To determine the amount of the shift for an unknown shift cipher, the 9th century Iraqi Arab polymath Abu Yūsuf Ya‘qūb ibn ’Isḥāq aṣ-Ṣabbāḥ al-Kindı̄, in order to better understand what he saw as God’s messages in the Qu’ran, developed a technique that later became known as frequency analysis. The following passage from his Manuscript on Deciphering Crptographic Messages describes this technique:
One way to solve an encrypted message, if we know its language, is to find a different plaintext of the same language long enough to fill one sheet or so, and then we count the occurrences of each letter. We call the most frequently occurring letter the ‘first’, the next most occurring letter the ‘second’, the following most occurring the ‘third’, and so on, until we account for all the different letters in the plaintext sample.
Then we look at the cipher text we want to solve, and we also classify its symbols. We find the most occurring symbol and change it to the form of the ‘first’ letter of the plaintext sample, the next most common symbol is changed to the form of the ‘second’ letter, and so on, until we account for all symbols of the cryptogram we want to solve.
In this portion of the project, have students develop their own “frequency analysis muscle” and hone it into a mental algorithm for cryptanalyzing shift ciphers.
4. The mnemonic “ETAOIN SHRDLU” is useful for remembering the relative frequencies of the twelve most common English letters in decreasing order of frequency, although the mnemonic does not reflect all written English and changes with the living language.

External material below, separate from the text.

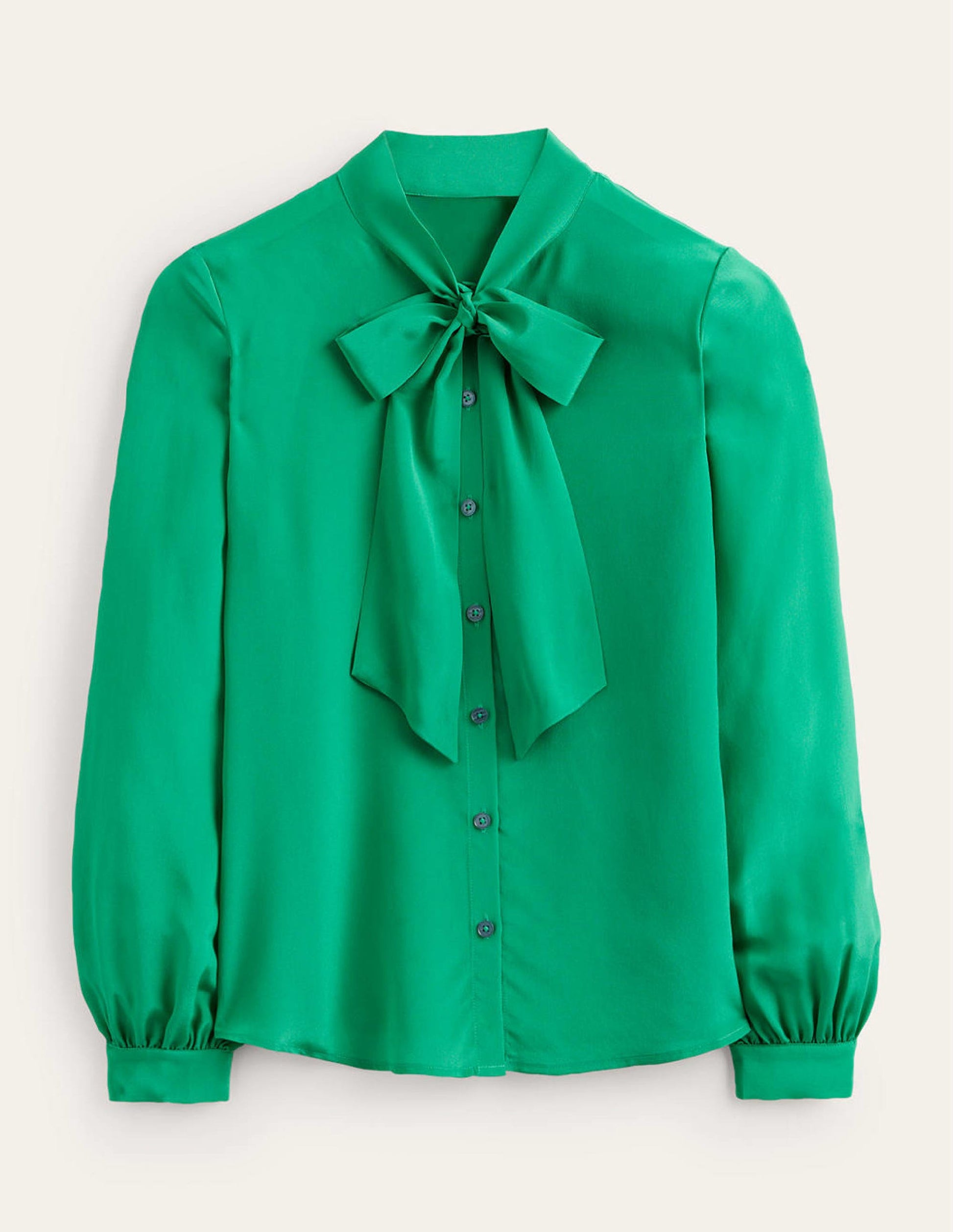 Bow-Neck Button-Down Blouse-Veridian Green-6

  1. (Optional for coding-focused courses) Use the step-by-step module at [cross-reference to target(s) "inceResourcesFirstYearCollege2022" missing or not unique] entitled “Frequency Analysis” to write a Python frequency analysis tool. Then input several English texts of at least, say, twenty pages, and verify that most of the most frequent twelve letters are in the list ETAOIN SHRDLU.
  2. Take three or four English texts of at least a couple of pages in length (books in the public domain, found online, are a good source of plaintext here). Encrypt these using shifts chosen however you like, then have students use their Python program, or one of the many available frequency analysis applets online, to determine the shifts used to encrypt each message. For additional practice, have them decrypt the first sentence and verify their guessed shift is correct. Note: some texts, especially shorter ones, will require students to guess multiple shifts and test each to see which gives legible plaintext, which verifies that their guess was correct.